(Beginning of MATERIAL FOR THE TASK)

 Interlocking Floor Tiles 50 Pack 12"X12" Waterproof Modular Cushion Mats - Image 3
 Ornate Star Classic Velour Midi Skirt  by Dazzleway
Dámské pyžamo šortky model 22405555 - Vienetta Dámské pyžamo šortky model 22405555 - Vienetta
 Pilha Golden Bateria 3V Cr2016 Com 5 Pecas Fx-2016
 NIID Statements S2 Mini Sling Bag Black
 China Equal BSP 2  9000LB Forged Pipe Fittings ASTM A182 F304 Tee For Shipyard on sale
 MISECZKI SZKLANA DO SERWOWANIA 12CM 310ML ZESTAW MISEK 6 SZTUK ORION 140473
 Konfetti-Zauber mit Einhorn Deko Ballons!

(End of MATERIAL FOR THE TASK)
(Beginning of MATERIAL FOR THE TASK)

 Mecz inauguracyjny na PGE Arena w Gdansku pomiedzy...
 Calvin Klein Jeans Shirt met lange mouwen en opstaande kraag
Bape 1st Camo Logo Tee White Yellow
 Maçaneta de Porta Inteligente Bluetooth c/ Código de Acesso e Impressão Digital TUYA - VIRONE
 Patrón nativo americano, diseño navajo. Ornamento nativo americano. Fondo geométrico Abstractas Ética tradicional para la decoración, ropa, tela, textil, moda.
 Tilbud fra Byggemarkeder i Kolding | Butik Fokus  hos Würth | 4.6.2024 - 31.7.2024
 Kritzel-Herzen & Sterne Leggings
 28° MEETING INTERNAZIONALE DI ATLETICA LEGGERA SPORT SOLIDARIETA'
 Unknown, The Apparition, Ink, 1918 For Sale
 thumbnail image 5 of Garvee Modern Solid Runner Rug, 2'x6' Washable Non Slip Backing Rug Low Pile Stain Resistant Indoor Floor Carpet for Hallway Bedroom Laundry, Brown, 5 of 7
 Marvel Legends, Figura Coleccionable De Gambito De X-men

(End of MATERIAL FOR THE TASK)
(Beginning of MATERIAL FOR THE TASK)

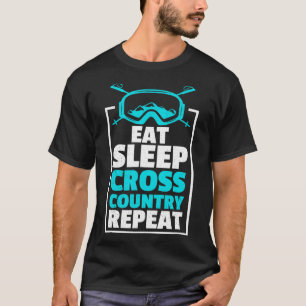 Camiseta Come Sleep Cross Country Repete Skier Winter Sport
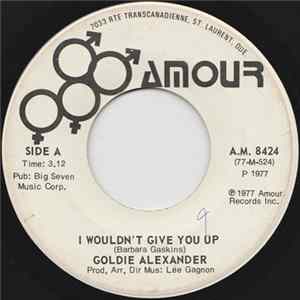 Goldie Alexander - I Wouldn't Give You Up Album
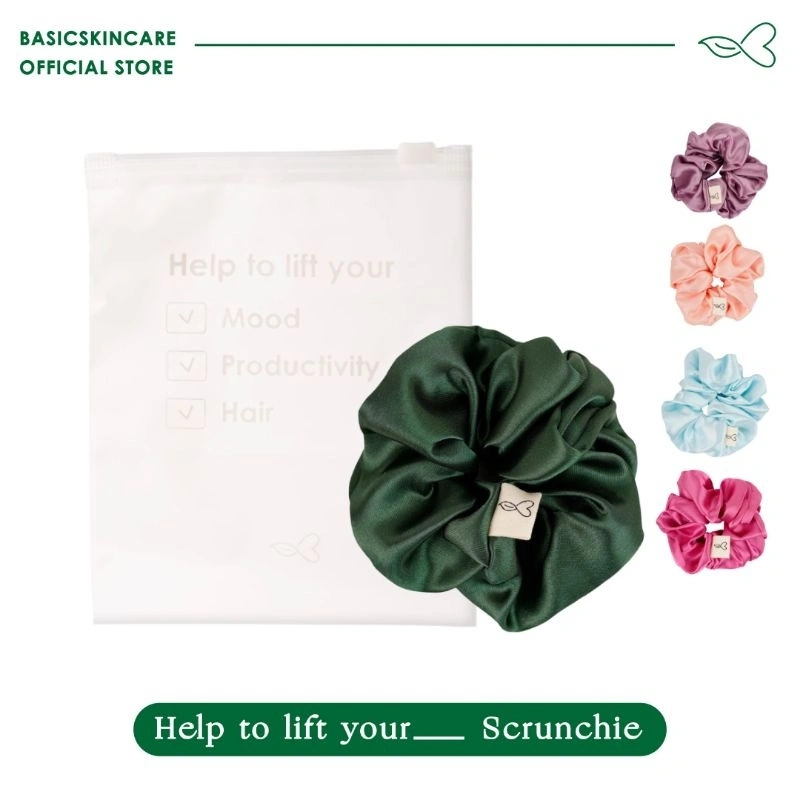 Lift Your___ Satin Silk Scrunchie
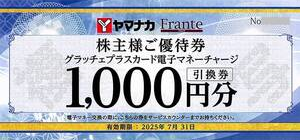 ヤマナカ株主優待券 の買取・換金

(End of MATERIAL FOR THE TASK)

*HOW TO COMPLETE THIS TASK*
From the records above, copy exactly the lines starting at the one with "Lift Your___ Satin Silk Scrunchie" and ending at the one with "ヤマナカ株主優待券 の買取・換金", and no others. Pictures stay out.

*FINISHED EXERCISE*
 Lift Your___ Satin Silk Scrunchie
 ヤマナカ株主優待券 の買取・換金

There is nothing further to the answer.